Há? Há!

Há dias, sem qualquer motivo aparente, lembrei-me de uma piada com quase vinte anos.

Tudo começou com a minha primeira colaboração com o Manuel Morgado, quando ele me enviou as páginas impressas do material que já tinha feito para o Talismã. Nelas, havia um pormenor recorrente sempre que alguém se ria, uma daquelas coisas do corrector ortográfico que escapa facilmente à atenção de qualquer um. Mas esta encheu-me as medidas.

Ou seja, em vez de termos a onomatopeia «ha» de gargalhada, tínhamos a 3.ª pessoa do singular do verbo «haver». O que levantava todo o tipo de possibilidades caricatas para minar momentos sérios ou até de leveza, como ir a uma marisqueira, perguntar ao empregado se há camarão, e o homem desatar a rir a bandeiras despregadas com a pergunta, enfatizando repetidamente que «há, há, há!».

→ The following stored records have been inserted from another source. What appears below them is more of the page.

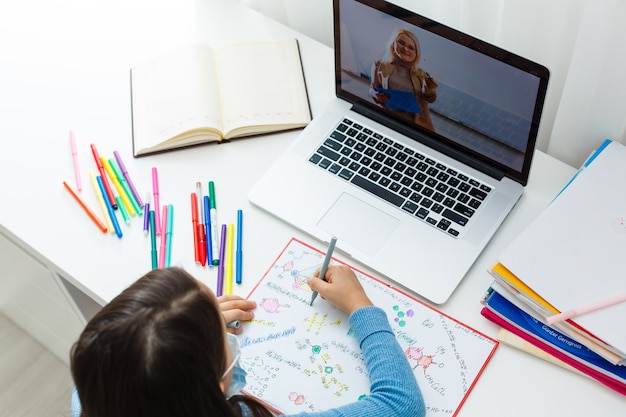 Woman video conferencing with tutor on laptop at home. Distance education concept.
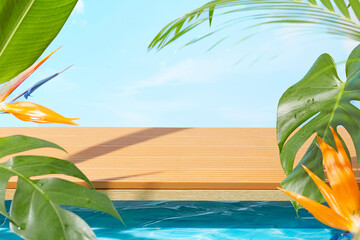 Poolside scene with wooden deck, tropical green leaves and bird of paradise flowers under clear...
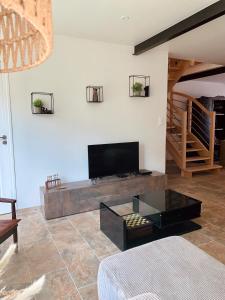 la ti breizh enchantée في Campénéac: غرفة معيشة مع أريكة وتلفزيون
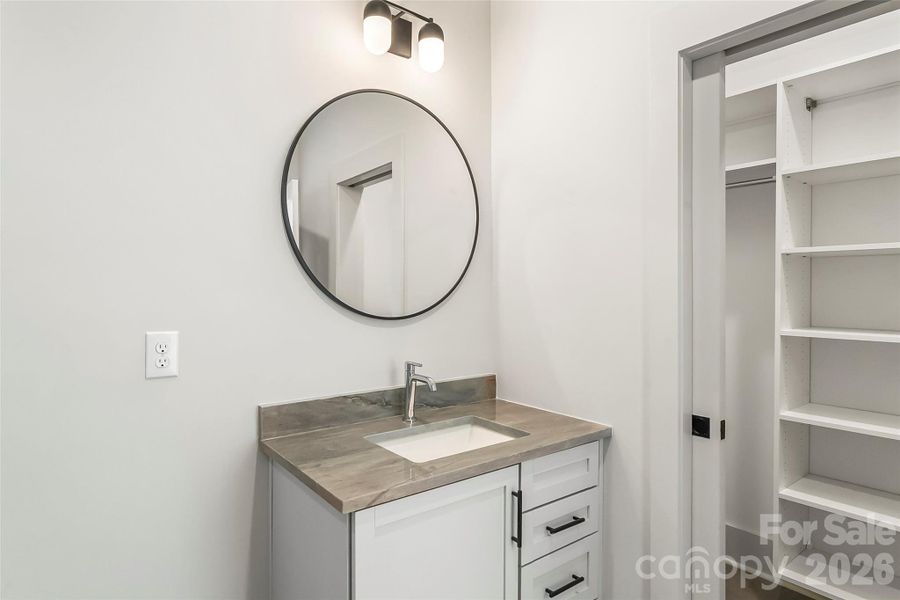 This walk-in shower has pretty tile and lots of space.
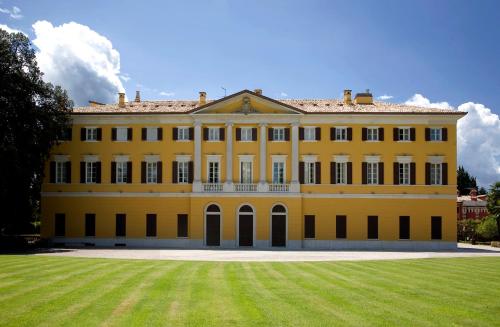 a large yellow house with a large yard at Parco Termale di Villa Dei Cedri in Lazise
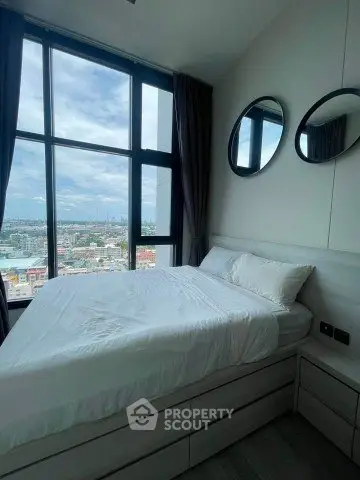 Modern bedroom with stunning city view and large windows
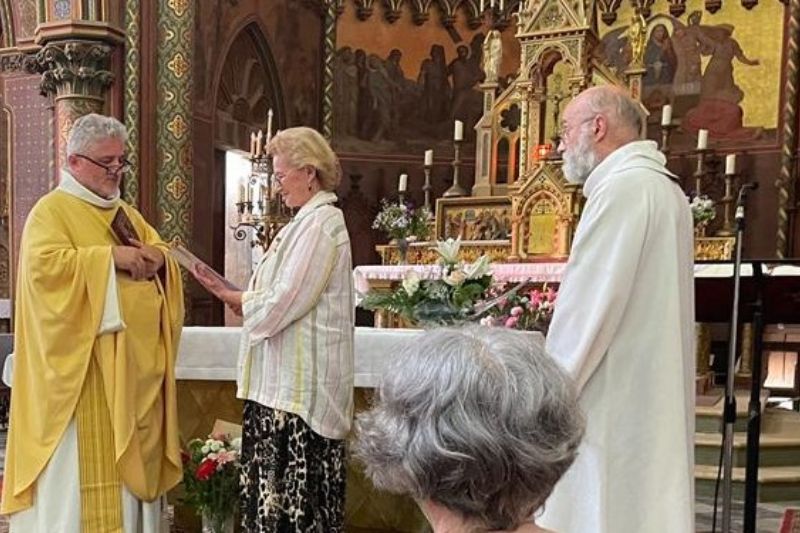 Le père Cador dans une chasuble violette remet à Anne-Laure Restout une lettre de mission à Notre Dame de La Couture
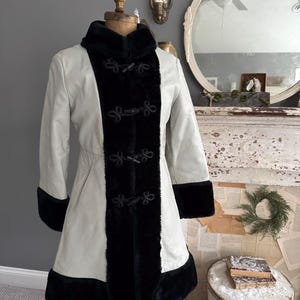 May include: A light gray coat with black faux fur trim and accents. The coat features a high collar, toggle closures, and black faux fur trim on the cuffs and hem. The coat is displayed on a mannequin.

O Manuel certamente me perdoará, mas eu partilhei isto com alguns amigos, e durante demasiado tempo tivemos o hábito de rir de forma pausada e sincopada, enfatizando com veemência cada um dos três «há!». E a expressão do rei de Vergudir, mais do que a indignação de um soberano ao ver a sua sala real invadida, mais parece neste contexto o ar de genuíno enfado de um homem farto de ouvir a mesma piada.